* Goal of the exercise:
The data below should be transcribed in full, with no picture included.

* Dataset records:
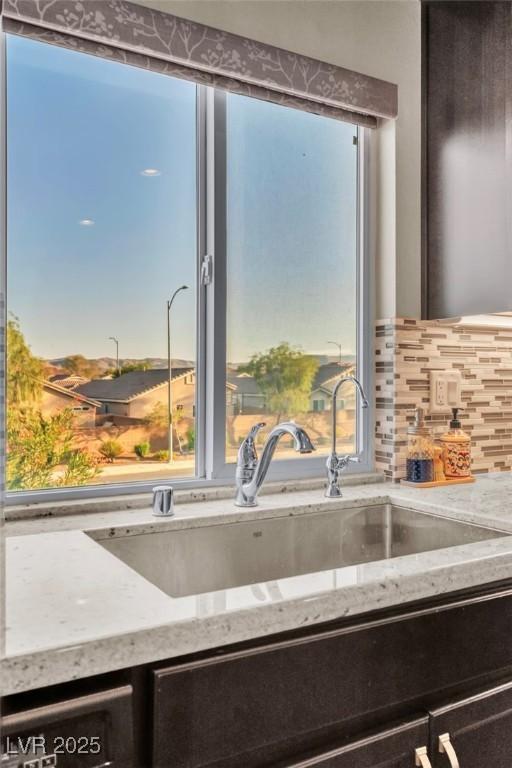 5889 Thistle Meadow Ave, Las Vegas, NV 89139 - kitchen view of light stone counters and backsplash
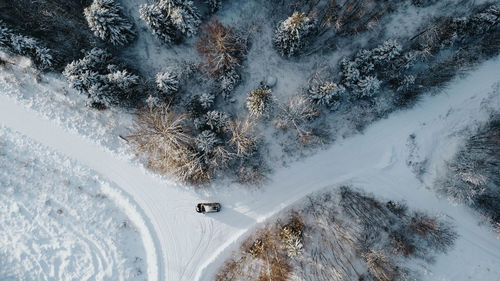 Aerial view of forest nountaiin winter with snowy trees. three to four roads with car in the middle.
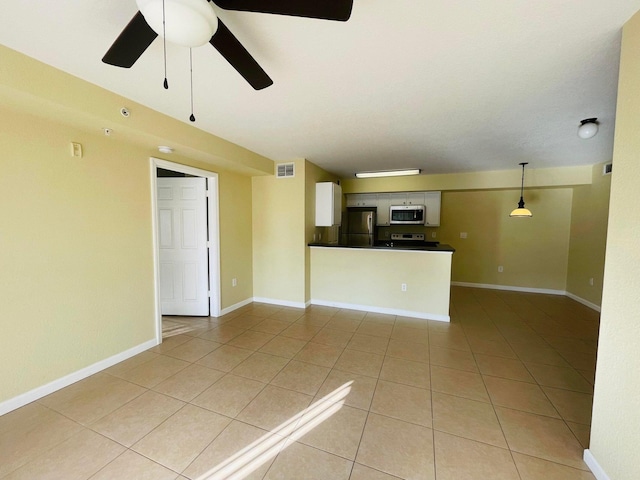 unfurnished living room with light tile patterned flooring and ceiling fan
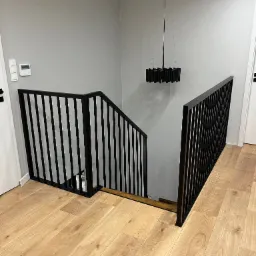 Nowoczesna, czarna balustrada schodowa z pionowymi prętami, na drewnianych schodach i parkiecie, oświetlona przez czarny, cylindryczny żyrandol w minimalistycznym wnętrzu.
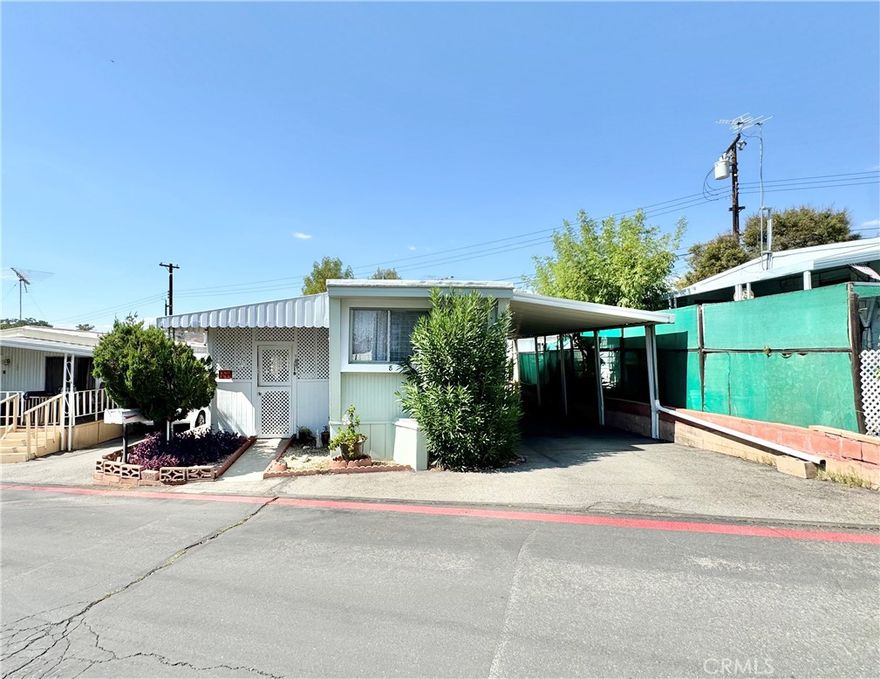 Nestled in the heart of Yucaipa, This Charming, Fully Remodeled mobile home offers the perfect blend of comfort and convenience. Featuring One cozy bedroom with his and her closet. A beautifully New and updated bathroom. The home boasts New Flooring all throughout. New washer and dryer hookup for your in home laundry. The brand-New kitchen is a chefs dream with brand New appliances ready for use. The spacious and covered patio provides an ideal spot for storage, outdoor relaxation and or entertaining. Also Newly added staircases for easy access, Along with fresh New paint job on the exterior, and a 2-Carport storage for your vehicles. With low space rent, this gem is an affordable and delightful urban retreat.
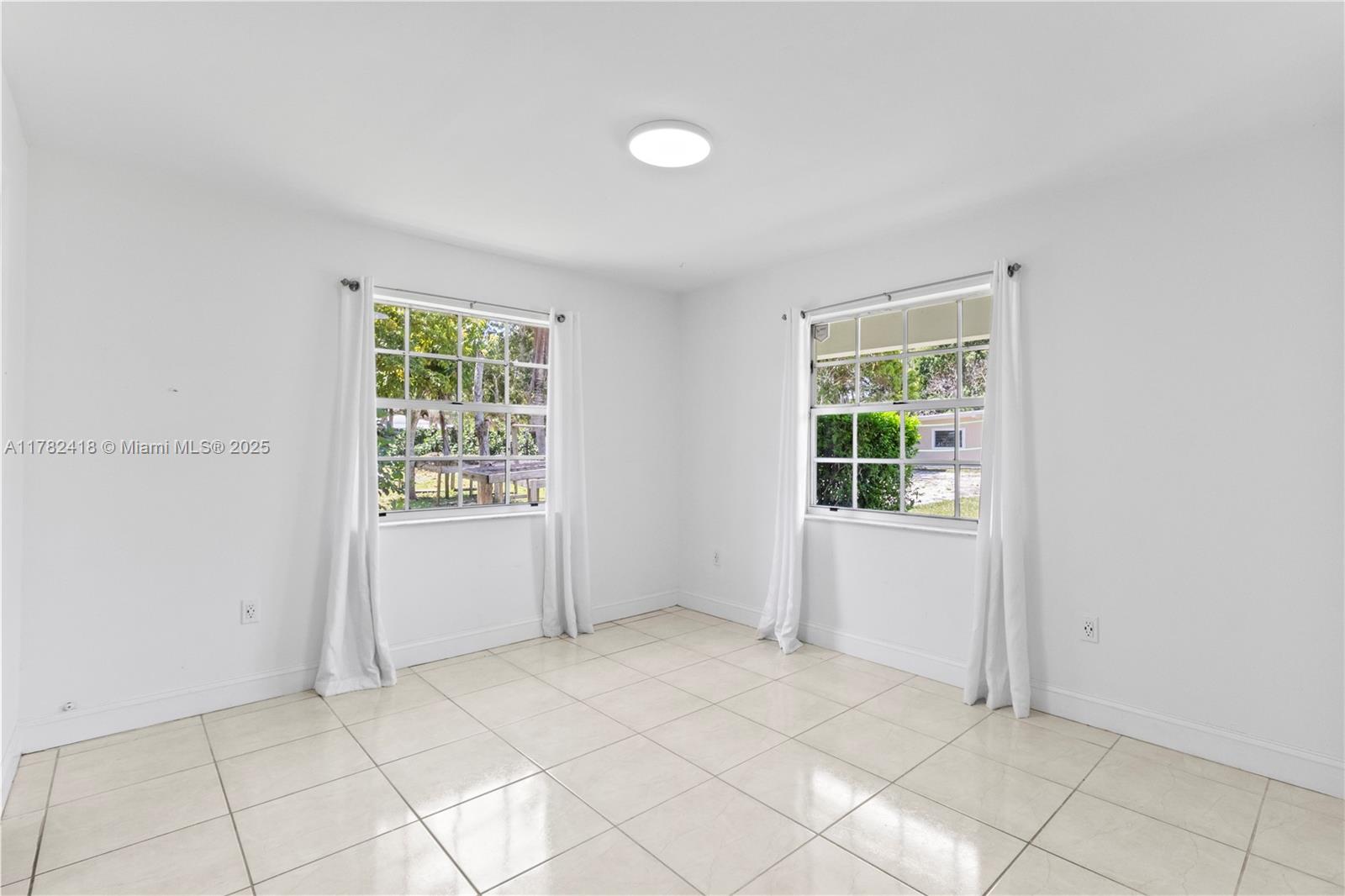 8350 Southwest 98th Street Miami, FL 33156 - Photo 43 of 67 an empty room with windows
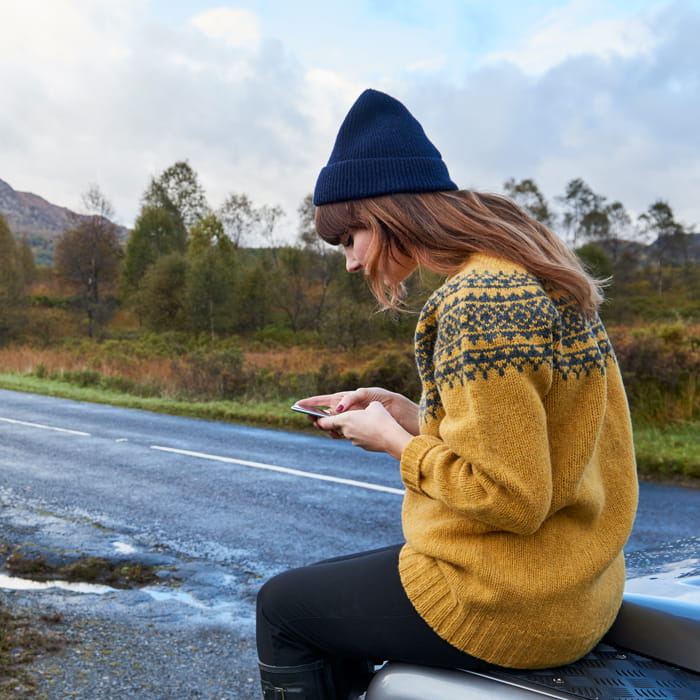 Woman by the roadside on her mobile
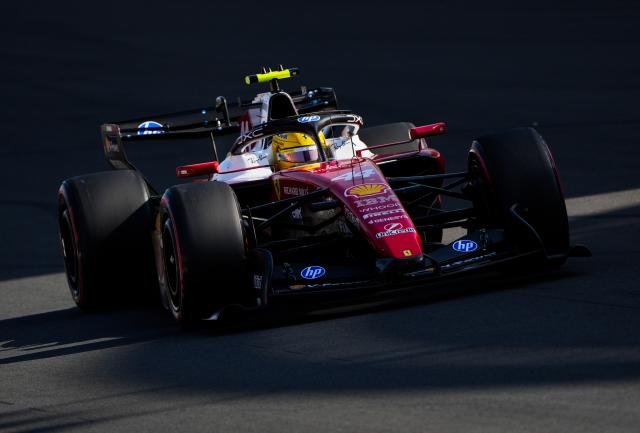 (260314) -- SHANGHAI, March 14, 2026 (Xinhua) -- Ferrari's Lewis Hamilton of Britain competes during the Qualifying of Formula One Chinese Grand Prix at Shanghai International Circuit in Shanghai, China, March 14, 2026. (Xinhua/Ding Ting)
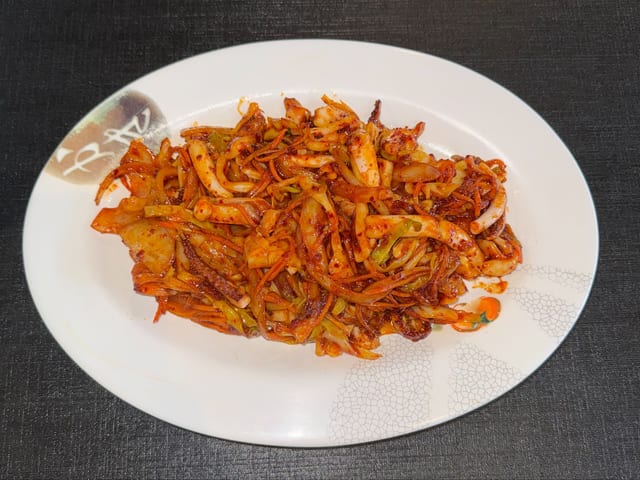Stir Fried Spicy Squid w/ Vegetables.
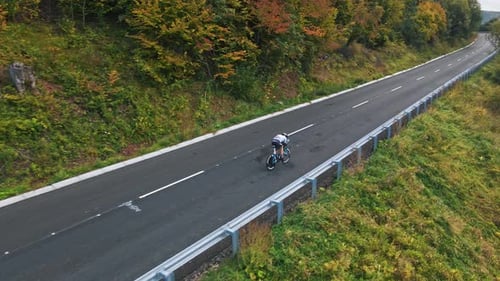 Drone Aerial View a Professional Cyclist Man Rides a Rural Road Next to Fields Beautiful Nature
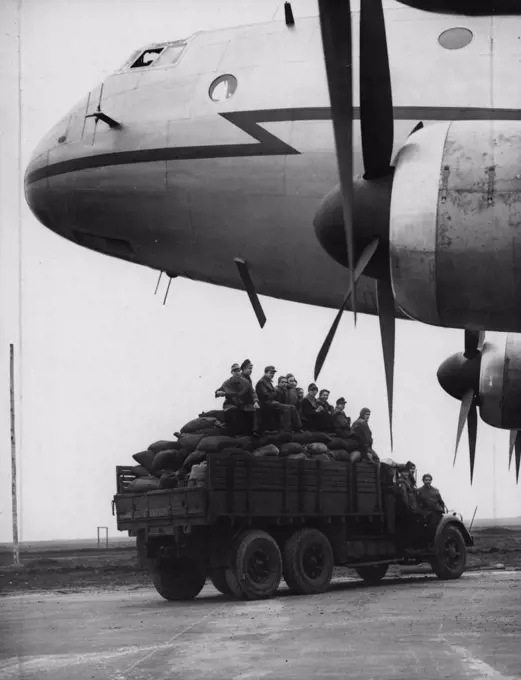 Fuel For Berlin By The Airlift Coalmen -- A lorry loaded with sacks of coal passes under the nose of the "aerial coalman", a giant Ha stings aircraft, at Schleswigland. The first of the new giant air freighters, the Royal Air Force Handley Page Hastings, are now being used on the air lift to Berlin, Germany. They are operating from the ex-Luftwaffe night-fighter station at Schleswigland where 19,000 tons of soil has been remove and 7,000 tons of concrete laid in the last 15 days to get the aerodrome ready for the giant aircraft that can make the trip to Berlin in one hour and carry a load of nearly 7½ tons. November 03, 1948. (Photo by Reuterphoto).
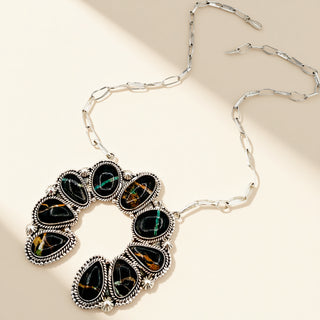 Silver necklace with black stone pendant on a beige background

* Worked solution:
 5889 Thistle Meadow Ave, Las Vegas, NV 89139 - kitchen view of light stone counters and backsplash
 Aerial view of forest nountaiin winter with snowy trees. three to four roads with car in the middle.
 unfurnished living room with light tile patterned flooring and ceiling fan
 Nowoczesna, czarna balustrada schodowa z pionowymi prętami, na drewnianych schodach i parkiecie, oświetlona przez czarny, cylindryczny żyrandol w minimalistycznym wnętrzu.
 Nestled in the heart of Yucaipa, This Charming, Fully Remodeled mobile home offers the perfect blend of comfort and convenience. Featuring One cozy bedroom with his and her closet. A beautifully New and updated bathroom. The home boasts New Flooring all throughout. New washer and dryer hookup for your in home laundry. The brand-New kitchen is a chefs dream with brand New appliances ready for use. The spacious and covered patio provides an ideal spot for storage, outdoor relaxation and or entertaining. Also Newly added staircases for easy access, Along with fresh New paint job on the exterior, and a 2-Carport storage for your vehicles. With low space rent, this gem is an affordable and delightful urban retreat.
 8350 Southwest 98th Street Miami, FL 33156 - Photo 43 of 67 an empty room with windows
 Woman by the roadside on her mobile
 (260314) -- SHANGHAI, March 14, 2026 (Xinhua) -- Ferrari's Lewis Hamilton of Britain competes during the Qualifying of Formula One Chinese Grand Prix at Shanghai International Circuit in Shanghai, China, March 14, 2026. (Xinhua/Ding Ting)
Stir Fried Spicy Squid w/ Vegetables.
 Drone Aerial View a Professional Cyclist Man Rides a Rural Road Next to Fields Beautiful Nature
 Fuel For Berlin By The Airlift Coalmen -- A lorry loaded with sacks of coal passes under the nose of the "aerial coalman", a giant Ha stings aircraft, at Schleswigland. The first of the new giant air freighters, the Royal Air Force Handley Page Hastings, are now being used on the air lift to Berlin, Germany. They are operating from the ex-Luftwaffe night-fighter station at Schleswigland where 19,000 tons of soil has been remove and 7,000 tons of concrete laid in the last 15 days to get the aerodrome ready for the giant aircraft that can make the trip to Berlin in one hour and carry a load of nearly 7½ tons. November 03, 1948. (Photo by Reuterphoto).
 Silver necklace with black stone pendant on a beige background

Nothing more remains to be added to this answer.